The Advocate General of the European Court of Justice has issued an Opinion that Member States must require employers to have systems in place to record the actual number of hours worked each day for full-time workers who have not expressly agreed, individually or collectively, to work overtime (CCOO v Deutsche Bank SAE, Case C-55/18)


Article 1 of the Charter of Fundamental Rights of the European Union (Charter) provides for the respect of human dignity and Article 31 of the Charter provides that "every worker has the right to working conditions which respect his or her health, safety and dignity" and that "every worker has the right to limitation of maximum working hours, to daily and weekly rest periods and to an annual period of paid leave".

The aim of the Working Time Directive 2003/88 (WTD) is to lay down minimum requirements to improve the protection of health and safety in the workplace.

The Working Time Regulations 1998 (WTR) implement the WTD into UK law. Regulation 9 of the WTR requires that an employer shall keep records which are adequate to demonstrate compliance with maximum daily / weekly working time limits and maximum night work undertaken, whilst also requiring that such records are retained for two years from the date on which they are generated.

Under Spanish domestic law (the Estatuto de los Trabajadores, or 'Workers' Statute'), working time shall average no more than 40 hours per week (averaged on an annual basis), there is a maximum working day of 9 hours, which can be increased by a collective bargaining agreement only where the daily rest period of 12 consecutive hours is adhered to and overtime shall not exceed 80 hours per annum, which should be reported to a worker's representative on a monthly basis.


Spanish trade union, Federación de Servicios de Comisiones Obreras (CCOO) and others, brought a group action against Deutsche Bank SAE (Deutsche Bank) before the National High Court of Spain, seeking a declaration that the bank was obliged to set up a system to record the actual number of hours worked by its employees on a daily basis.
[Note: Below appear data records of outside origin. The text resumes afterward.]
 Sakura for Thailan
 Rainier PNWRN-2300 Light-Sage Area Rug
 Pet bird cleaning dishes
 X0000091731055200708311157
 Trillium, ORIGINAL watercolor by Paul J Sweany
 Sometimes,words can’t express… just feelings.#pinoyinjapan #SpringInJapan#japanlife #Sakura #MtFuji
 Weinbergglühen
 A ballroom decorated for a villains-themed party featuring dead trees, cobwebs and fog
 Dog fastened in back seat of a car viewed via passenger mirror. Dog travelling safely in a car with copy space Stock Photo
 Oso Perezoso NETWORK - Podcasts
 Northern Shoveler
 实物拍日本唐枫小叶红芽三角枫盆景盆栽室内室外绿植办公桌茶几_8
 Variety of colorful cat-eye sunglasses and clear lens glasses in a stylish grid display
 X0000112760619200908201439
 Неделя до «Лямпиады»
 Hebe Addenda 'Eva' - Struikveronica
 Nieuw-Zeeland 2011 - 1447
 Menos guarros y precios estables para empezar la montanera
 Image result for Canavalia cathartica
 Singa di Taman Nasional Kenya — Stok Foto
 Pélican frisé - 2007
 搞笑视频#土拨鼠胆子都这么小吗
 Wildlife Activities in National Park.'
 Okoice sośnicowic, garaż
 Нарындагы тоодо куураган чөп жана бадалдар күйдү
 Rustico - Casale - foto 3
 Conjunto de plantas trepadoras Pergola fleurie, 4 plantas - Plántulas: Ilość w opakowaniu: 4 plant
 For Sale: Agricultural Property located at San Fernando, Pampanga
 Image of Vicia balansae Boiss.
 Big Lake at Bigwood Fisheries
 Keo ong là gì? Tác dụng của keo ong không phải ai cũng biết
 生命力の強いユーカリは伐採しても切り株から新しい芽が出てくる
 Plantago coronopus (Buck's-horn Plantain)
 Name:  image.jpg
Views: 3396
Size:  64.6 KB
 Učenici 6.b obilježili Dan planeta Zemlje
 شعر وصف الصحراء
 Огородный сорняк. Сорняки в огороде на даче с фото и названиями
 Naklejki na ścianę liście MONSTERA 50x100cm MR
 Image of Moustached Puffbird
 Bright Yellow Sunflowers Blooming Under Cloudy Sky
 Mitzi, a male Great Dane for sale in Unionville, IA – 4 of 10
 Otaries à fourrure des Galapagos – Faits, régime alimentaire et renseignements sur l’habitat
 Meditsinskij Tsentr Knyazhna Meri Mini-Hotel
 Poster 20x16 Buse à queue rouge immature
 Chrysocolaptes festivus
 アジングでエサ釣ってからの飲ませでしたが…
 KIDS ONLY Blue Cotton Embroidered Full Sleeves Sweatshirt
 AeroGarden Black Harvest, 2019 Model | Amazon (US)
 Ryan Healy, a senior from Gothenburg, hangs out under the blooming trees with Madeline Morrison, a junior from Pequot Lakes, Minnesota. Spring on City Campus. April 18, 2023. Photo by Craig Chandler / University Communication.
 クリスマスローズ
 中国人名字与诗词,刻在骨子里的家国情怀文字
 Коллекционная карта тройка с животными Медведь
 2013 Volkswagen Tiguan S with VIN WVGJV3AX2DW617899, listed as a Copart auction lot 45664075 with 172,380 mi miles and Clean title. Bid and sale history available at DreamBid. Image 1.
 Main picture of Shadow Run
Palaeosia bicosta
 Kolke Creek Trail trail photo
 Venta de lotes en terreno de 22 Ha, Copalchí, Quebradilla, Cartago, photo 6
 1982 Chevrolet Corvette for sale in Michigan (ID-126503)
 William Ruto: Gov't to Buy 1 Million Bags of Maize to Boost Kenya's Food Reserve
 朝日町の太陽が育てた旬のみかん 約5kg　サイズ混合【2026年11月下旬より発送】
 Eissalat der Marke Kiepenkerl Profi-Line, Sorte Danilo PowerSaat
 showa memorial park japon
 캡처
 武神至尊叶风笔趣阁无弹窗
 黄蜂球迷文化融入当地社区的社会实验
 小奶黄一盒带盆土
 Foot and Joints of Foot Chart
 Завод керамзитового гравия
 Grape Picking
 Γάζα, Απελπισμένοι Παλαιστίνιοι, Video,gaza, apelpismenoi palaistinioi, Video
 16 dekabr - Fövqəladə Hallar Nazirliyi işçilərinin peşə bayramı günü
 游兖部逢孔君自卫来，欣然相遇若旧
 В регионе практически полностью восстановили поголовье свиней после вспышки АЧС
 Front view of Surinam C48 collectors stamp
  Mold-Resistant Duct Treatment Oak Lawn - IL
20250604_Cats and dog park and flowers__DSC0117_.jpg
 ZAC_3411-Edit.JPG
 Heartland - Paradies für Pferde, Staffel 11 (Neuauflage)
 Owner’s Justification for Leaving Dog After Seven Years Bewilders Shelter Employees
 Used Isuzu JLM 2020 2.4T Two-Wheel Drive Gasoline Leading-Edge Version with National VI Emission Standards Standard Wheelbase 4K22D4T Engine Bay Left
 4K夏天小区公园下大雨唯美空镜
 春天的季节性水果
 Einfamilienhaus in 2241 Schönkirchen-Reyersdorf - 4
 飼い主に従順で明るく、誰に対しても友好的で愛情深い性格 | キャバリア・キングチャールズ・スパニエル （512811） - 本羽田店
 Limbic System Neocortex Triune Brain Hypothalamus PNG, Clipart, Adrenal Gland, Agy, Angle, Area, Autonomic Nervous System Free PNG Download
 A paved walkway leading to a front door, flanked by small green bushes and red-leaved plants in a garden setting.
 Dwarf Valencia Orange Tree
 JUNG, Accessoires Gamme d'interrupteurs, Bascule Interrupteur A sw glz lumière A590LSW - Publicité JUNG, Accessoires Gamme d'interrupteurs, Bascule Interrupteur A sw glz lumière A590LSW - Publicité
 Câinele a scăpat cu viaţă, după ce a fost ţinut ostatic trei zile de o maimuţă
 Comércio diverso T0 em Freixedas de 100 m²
At the time, Deutsche Bank used an absences calendar, which meant that actual hours worked on a particular day were not recorded. CCOO argued, rather than simply recording days of absence when an employee is on holiday or sick leave, Deutsche Bank was under an obligation to implement a system to record the number of hours worked each day by employees. CCOO argued that this would provide a way of monitoring adherence to working time laws and facilitate the reporting of overtime to a worker's representative. CCOO further argued that such a system was actually required by the Charter and the WTD.

Deutsche Bank referred to previous Spanish case law which had held it was only necessary to record the working day when overtime is undertaken and had made it clear that there is no general obligation to record daily working time.

The Spanish High Court stayed the proceedings and referred the matter to the European Court of Justice (ECJ) for a preliminary ruling.

Advocate General Opinion

In the Opinion of Advocate General Pitruzzella (AG), the Charter and WTD must be interpreted as requiring Member States to introduce rules imposing an obligation on employers to set up a system for recording the actual number of hours worked each day for full-time workers who have not expressly agreed, individually or collectively, to work overtime.

The AG noted that, without such an obligation:

  • there could be no guarantee that the time limits laid down by the WTD would be observed; and
  • workers would be under a greater evidential burden should they wish to bring proceedings under the WTD regarding a purported breach.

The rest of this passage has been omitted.